You know what’s a lie? That thing I just said about germs.
Germs are not awesome.
I had a chance to remember that recently, when we had five (out of six!) sick kids and two (out of two!) sick adults in this household.
Being sick and getting better always takes longer than I expect.
In the beginning, of course, I’m all tenderness.
Oh dear, we’re sick. A box of tissues for everyone, pots of tea and honey, nap time!
But after a few days, the not-well-ness stops seeming sensible. If we aren’t feverish and pathetic anymore, why do the sniffling and the coughing and the tired and the crankiness have to go on and on and ON?
Every morning I would wake up thinking: Really? This again?
I would like to be healthy or sick, with none of the in-between, in-process stuff.
And really I would like to only be healthy. I don’t have time and patience for the getting better part.
I would like to skip the whole “making progress” thing.
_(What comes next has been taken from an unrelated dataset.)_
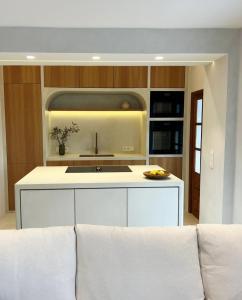 a kitchen with a white couch in a room at Casa Mimo Altea in Altea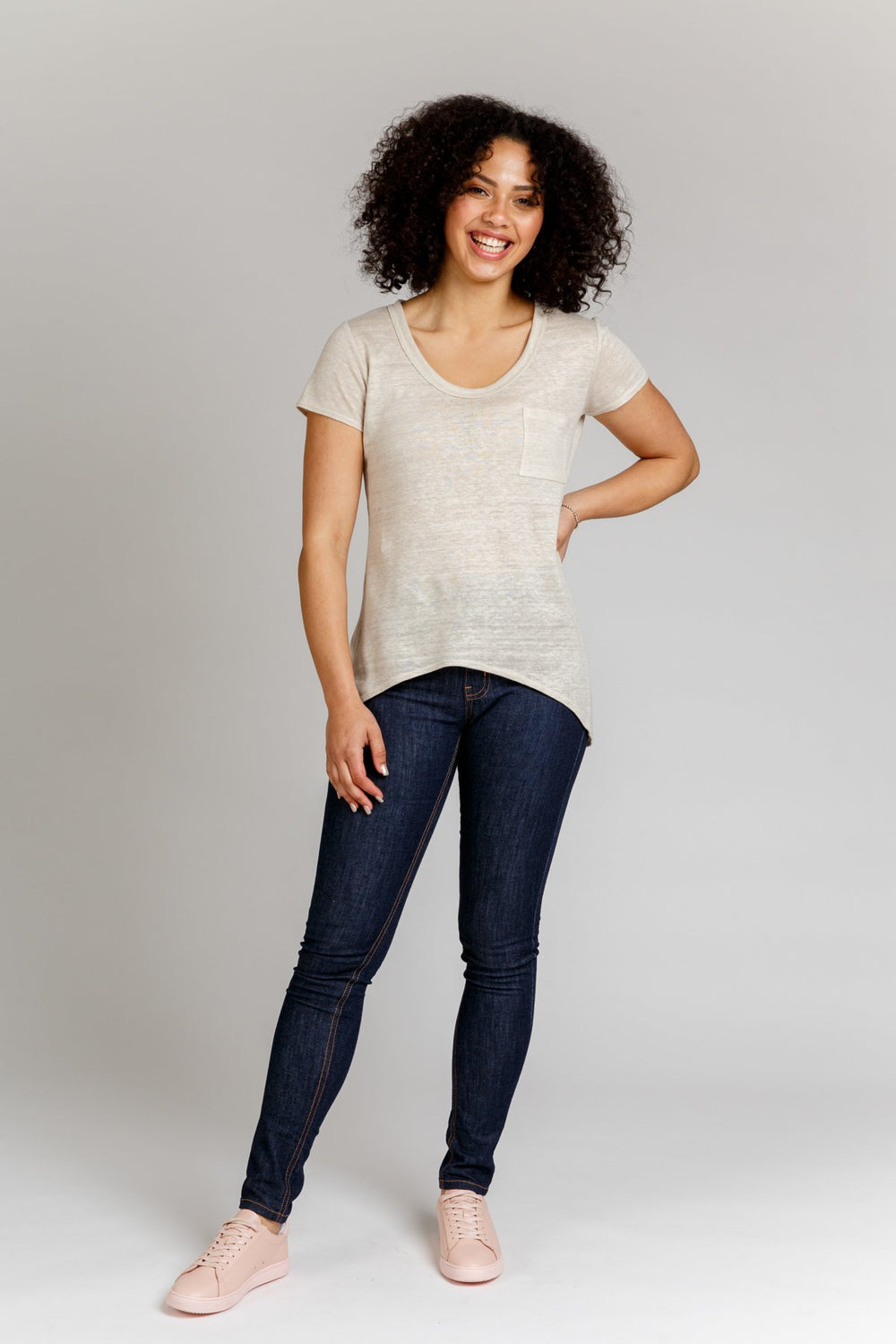 Woman wearing the Briar T-shirt sewing pattern from Megan Nielsen on The Fold Line. A Tee pattern made in jersey fabrics, sweater knits and stable knit fabrics, featuring a high scooped front hem, low curved back hem, short sleeves, chest patch pocket, an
I don’t especially want to dwell in the in-between places, the ones that come after the beginning and before the reward.
I think we call that place “work.”
I would not mind skipping straight from meeting a germ to being well; straight from noticing a problem to fixing all the things; straight from having an idea to having a finished project.
But no, life is lived in the practice stage.
Every day, practice. Every day, in between one thing and another. It’s hard work, making progress. It’s hard work, and we’re all doing it, every day.
We’re always circling back, always coming around again, always mending or healing or growing or building. It takes longer than I expect and you’d think I’d have picked up on that by now.
I forget, because I forget everything. But then I circle around again and I remember.
Everyone is on the mend from something.
Everyone is in one of those stretching, growing, in-between stages, almost always. Everyone needs extra kindness, pretty much all the time. Even me, even you.
We can surrender to the process, and we can do the next right thing, even if the next thing is to rest or to practice or just to wait. We can remember to give more grace.
And when we meet each other on the street, we can remember for each other, too.
You’re in an in-between place, and I’m on the mend, and we can look on each other the same way that we look on our kids or our neighbors or our best dear friends when they are in the middle of a great big something. We look on them with kindness and hope and anticipation.
(Not the way you might accidentally look when your kids are supposed to be in bed asleep but are instead asking for eight million drinks of water. Try not to look at anyone like that.)
The person in front of you is right in the middle of something and it may take awhile to get to the other side, but you understand, and you’re rooting for them.
Becoming, being, breathing: this is hard work, and it takes longer than you’d think.
Try not to focus on the inconvenience and the disruption of it all. Dwell on the thank-goodness-this-beautiful-human-is-moving-toward-wholeness-and-flourishing part instead.
Even when the human is you. (Especially when the human is you.)
Maybe brew another pot of tea in the meantime.